The Hagstrom Report

Agriculture News As It Happens

Farmland opportunities are out there, adviser says

MIAMI — There are few or no bargains in U.S. farmland, but investors should look for land that is not being farmed up to its full potential, a prominent adviser said here last week as investors discussed farmland investment worldwide at the Agriculture Investment Summit of the Americas.

Perry Vieth
Perry Vieth, Ceres Partners
“The U.S. farmland market is mature, but undervalued where land isn’t being fully utilized because farmers are not using the latest practices or have not made improvements,” said Perry Vieth, president of Ceres Partners, a Granger, Ind., firm whose motto is “investing in America’s heartland.”

Vieth also noted that the value of the land depends on mineral rights. In Indiana, he said, buyers get the mineral rights, but in Pennsylvania, the price reflects the current interest in natural gas deposits in shale.

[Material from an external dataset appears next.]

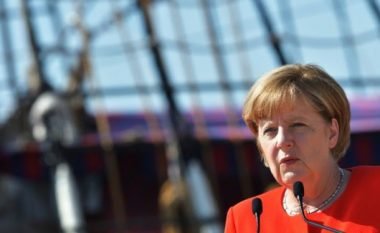 Merkel dënon ndalimin e aktivistëve gjermanë në Turqi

Jason Henderson, executive vice president of the Omaha branch of the Federal Reserve Bank of Kansas City, noted that farm land prices in the southern states have not risen as fast as they have in Nebraska, but added that mineral rights and water are important.

“There are three drilling rigs in western Nebraska,” Henderson noted. “When you buy land , you’re basically buying water. There’s strong demand for irrigated crop land in western Nebraska.”

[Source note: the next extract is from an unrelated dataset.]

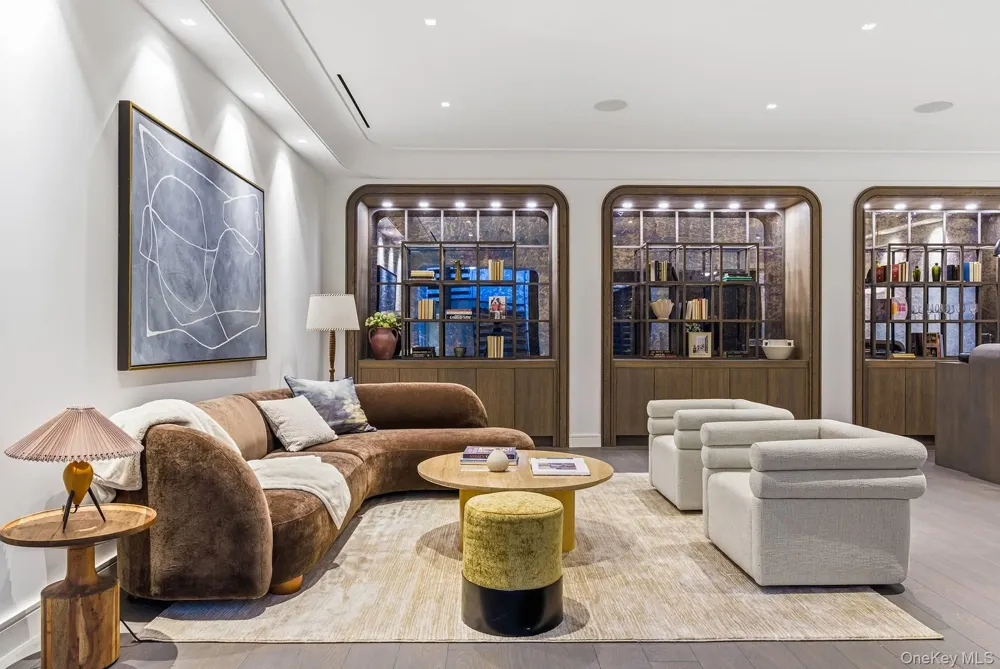 43 Old Orchard Lane East Hampton, NY 11937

Farmland is “very local,” Vieth said, noting that most of it is bought by neighboring farmers.

Gary Thien of Thien Farm Management, a Council Bluffs, Iowa, firm and a former president of the American Society of Farm Managers and Rural Appraisers, noted that when local farmers and investors compete for farmland at auctions, “the investor usually comes in second place.”

Discussing whether there is a bubble in farmland prices, David Oppedahl, the business economist at the Federal Reserve Bank of Chicago, said that it is hard to define a bubble but “you know it when it pops.”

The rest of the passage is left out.